Each line of the records that includes "Road" should be found and copied.

/---

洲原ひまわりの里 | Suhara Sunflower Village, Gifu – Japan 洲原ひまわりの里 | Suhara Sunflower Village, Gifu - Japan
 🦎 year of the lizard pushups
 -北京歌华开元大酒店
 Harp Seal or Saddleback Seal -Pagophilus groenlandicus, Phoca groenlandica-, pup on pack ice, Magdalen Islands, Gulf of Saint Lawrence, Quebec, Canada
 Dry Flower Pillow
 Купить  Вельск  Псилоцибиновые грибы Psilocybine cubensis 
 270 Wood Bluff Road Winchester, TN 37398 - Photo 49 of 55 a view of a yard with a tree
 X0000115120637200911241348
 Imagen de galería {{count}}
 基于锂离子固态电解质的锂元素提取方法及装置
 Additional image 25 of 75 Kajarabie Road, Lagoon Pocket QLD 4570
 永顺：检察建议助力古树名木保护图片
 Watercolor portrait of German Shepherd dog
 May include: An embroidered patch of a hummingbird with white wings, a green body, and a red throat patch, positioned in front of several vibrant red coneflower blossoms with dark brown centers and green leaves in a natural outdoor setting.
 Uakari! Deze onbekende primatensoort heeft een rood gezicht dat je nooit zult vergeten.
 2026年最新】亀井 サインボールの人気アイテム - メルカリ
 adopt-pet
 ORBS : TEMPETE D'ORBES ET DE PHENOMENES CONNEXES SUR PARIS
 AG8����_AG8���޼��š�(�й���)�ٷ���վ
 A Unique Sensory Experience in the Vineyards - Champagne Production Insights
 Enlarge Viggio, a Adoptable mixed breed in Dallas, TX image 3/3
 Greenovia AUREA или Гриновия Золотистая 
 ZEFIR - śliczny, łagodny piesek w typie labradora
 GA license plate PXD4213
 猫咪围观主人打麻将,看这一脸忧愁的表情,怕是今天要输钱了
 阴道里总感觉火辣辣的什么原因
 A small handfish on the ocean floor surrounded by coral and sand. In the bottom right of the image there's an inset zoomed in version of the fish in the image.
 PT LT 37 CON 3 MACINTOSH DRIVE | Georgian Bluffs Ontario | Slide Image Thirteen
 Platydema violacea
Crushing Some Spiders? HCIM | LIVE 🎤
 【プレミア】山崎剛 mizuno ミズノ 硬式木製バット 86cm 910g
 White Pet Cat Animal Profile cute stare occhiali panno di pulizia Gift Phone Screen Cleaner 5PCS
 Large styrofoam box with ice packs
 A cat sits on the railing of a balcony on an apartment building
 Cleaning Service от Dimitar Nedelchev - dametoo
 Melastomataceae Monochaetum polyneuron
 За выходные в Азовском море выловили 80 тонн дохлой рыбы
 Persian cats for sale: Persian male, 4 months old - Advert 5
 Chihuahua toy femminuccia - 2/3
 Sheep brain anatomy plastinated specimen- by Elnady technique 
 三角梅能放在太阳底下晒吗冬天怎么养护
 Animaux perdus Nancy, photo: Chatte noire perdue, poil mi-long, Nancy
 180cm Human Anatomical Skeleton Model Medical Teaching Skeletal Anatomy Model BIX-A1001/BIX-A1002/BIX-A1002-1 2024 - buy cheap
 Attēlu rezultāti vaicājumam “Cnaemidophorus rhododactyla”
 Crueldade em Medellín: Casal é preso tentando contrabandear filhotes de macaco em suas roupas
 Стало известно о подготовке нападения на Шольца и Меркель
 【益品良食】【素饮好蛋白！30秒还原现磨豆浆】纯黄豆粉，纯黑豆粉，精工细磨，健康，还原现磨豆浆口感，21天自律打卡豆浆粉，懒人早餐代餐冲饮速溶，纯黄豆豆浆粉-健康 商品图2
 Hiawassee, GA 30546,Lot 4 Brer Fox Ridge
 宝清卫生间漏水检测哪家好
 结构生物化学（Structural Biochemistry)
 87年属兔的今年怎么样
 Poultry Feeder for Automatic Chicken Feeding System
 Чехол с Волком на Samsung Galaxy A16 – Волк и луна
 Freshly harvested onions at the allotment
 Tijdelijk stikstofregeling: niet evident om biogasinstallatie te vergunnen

\---

> **TASK RESPONSE**:
 270 Wood Bluff Road Winchester, TN 37398 - Photo 49 of 55 a view of a yard with a tree
 Additional image 25 of 75 Kajarabie Road, Lagoon Pocket QLD 4570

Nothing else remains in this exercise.